Chapter 3 Simulating Data

This tutorial details a few ways I simulate data. I’ll be using some functions from my faux package to make it easier to generate sets of variables with specific correlations.

Download an RMarkdown file for this lesson with code or without code.

library(tidyverse)
# devtools::install_github("debruine/faux", build_vignettes = TRUE)
library(faux) 
library(afex) # for anova and lmer
library(broom.mixed) # to make tidy tables of lmer output
library(kableExtra) # to make nicer tables
set.seed(8675309) # this makes sure your script uses the same set of random numbers each time you run the full script (never set this inside a function or loop)

3.1 Independent samples

Let’s start with a simple independent-samples design where the variables are from a normal distribution. Each subject produces one score (in condition A or B).

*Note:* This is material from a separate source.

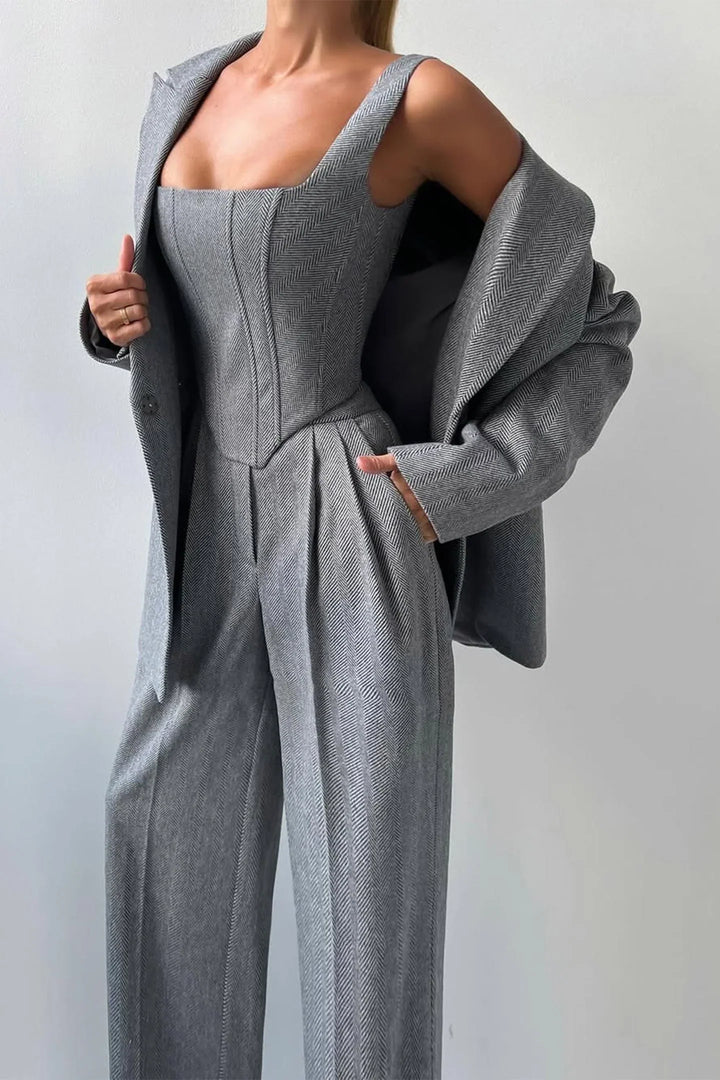 Dolce™ – Three-Piece Set with Double-Breasted Blazer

What we need to know about these scores is:

How many subjects are in each condition?
What are the score means?
What are the score variances (or SDs)?

3.1.1 Parameters

I start simulation scripts by setting parameters for these values.

A_sub_n <- 50
B_sub_n <- 50
A_mean  <- 10
B_mean  <- 11
A_sd    <- 2.5
B_sd    <- 2.5

3.1.2 Scores

We can the generate the scores using the rnorm() function.

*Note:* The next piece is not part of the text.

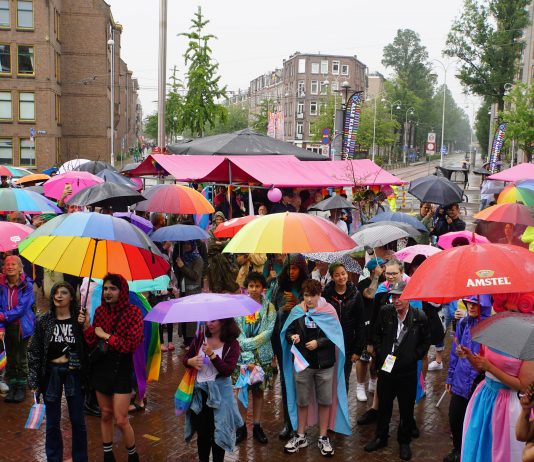 Transgenders die het pokkenweer trotseerde Hoe bikkels van Transgenders het pokkenweer trotseerde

A_scores <- rnorm(A_sub_n, A_mean, A_sd)
B_scores <- rnorm(B_sub_n, B_mean, B_sd)

You can stop here and just analyse your simulated data with t.test(A_scores, B_scores), but usualy you want to get your simulated data into a data table that looks like what you might eventually import from a CSV file with your actual experimental data.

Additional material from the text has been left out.